# [Problem description]
Omit any pictures, and restate word for word only the lines from the one with "Hostal Blue And White House" through the end of the data below.

*** Dataset extract Section Begins ***

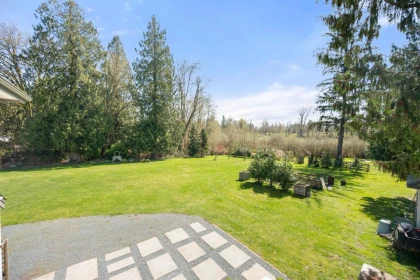Garden / Landscaping Photo of 21842 6 Avenue, Langley, BC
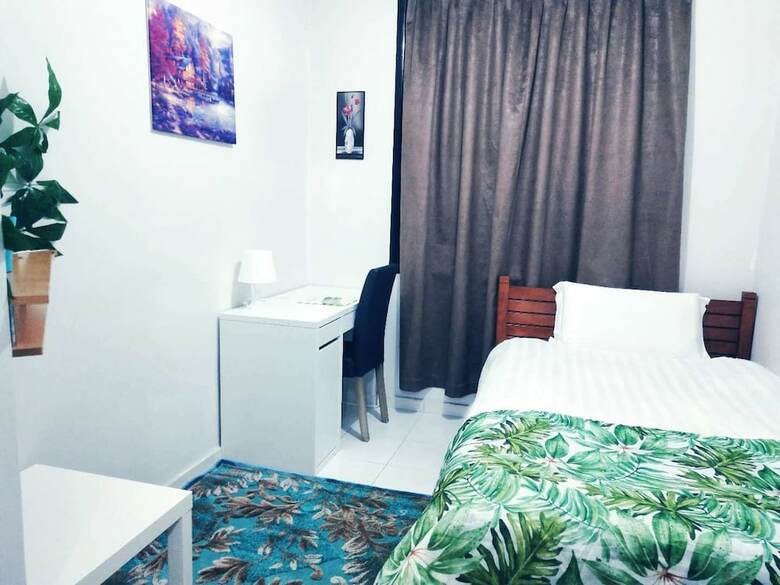 Hostal Blue And White House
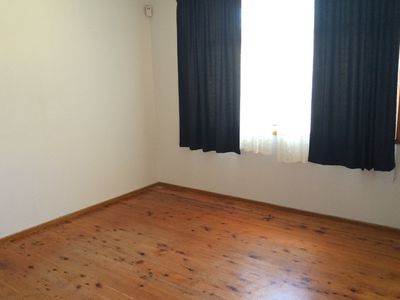 3 / 2 Lendine Street, Barrack Heights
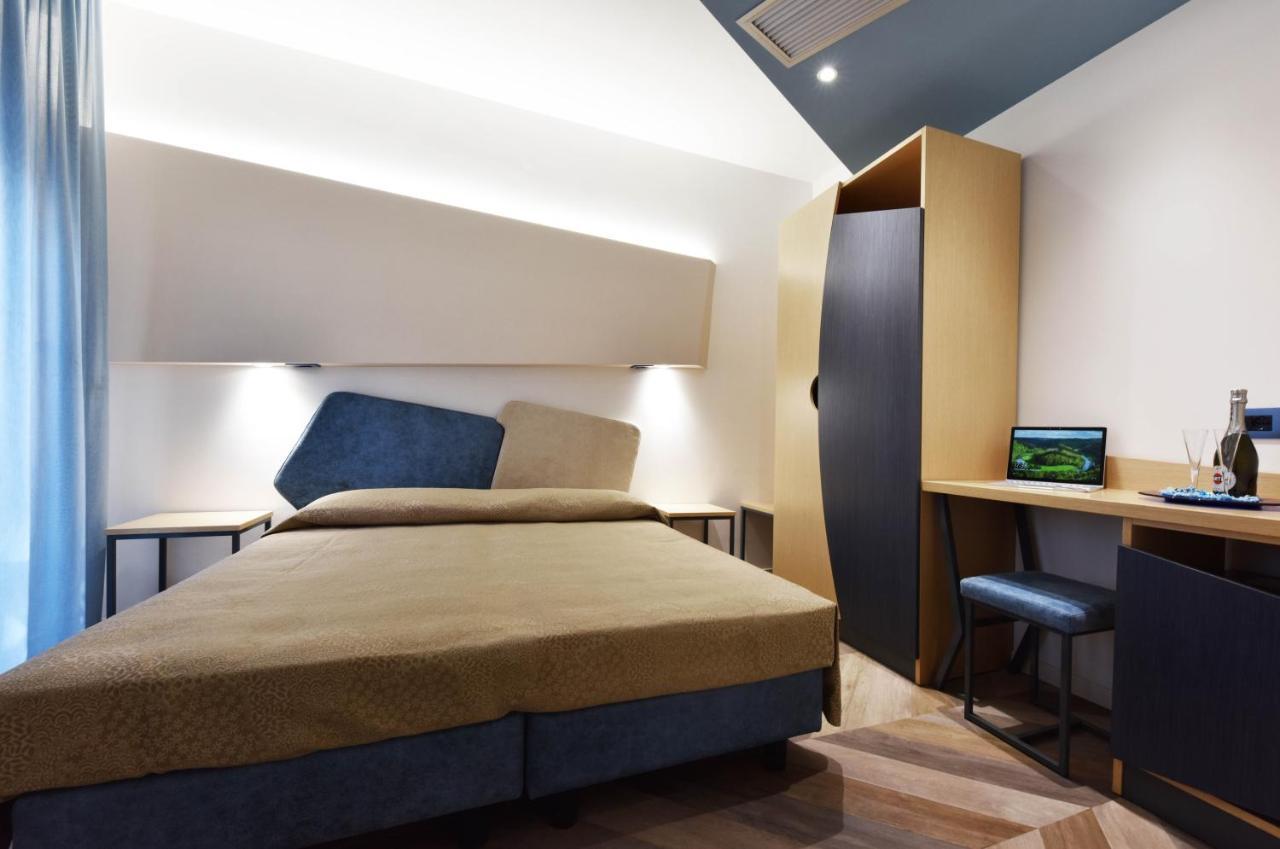 Color Hotel Римини Экстерьер фото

*** Dataset extract Section Ends ***

# [Solution]
 Hostal Blue And White House
 3 / 2 Lendine Street, Barrack Heights
 Color Hotel Римини Экстерьер фото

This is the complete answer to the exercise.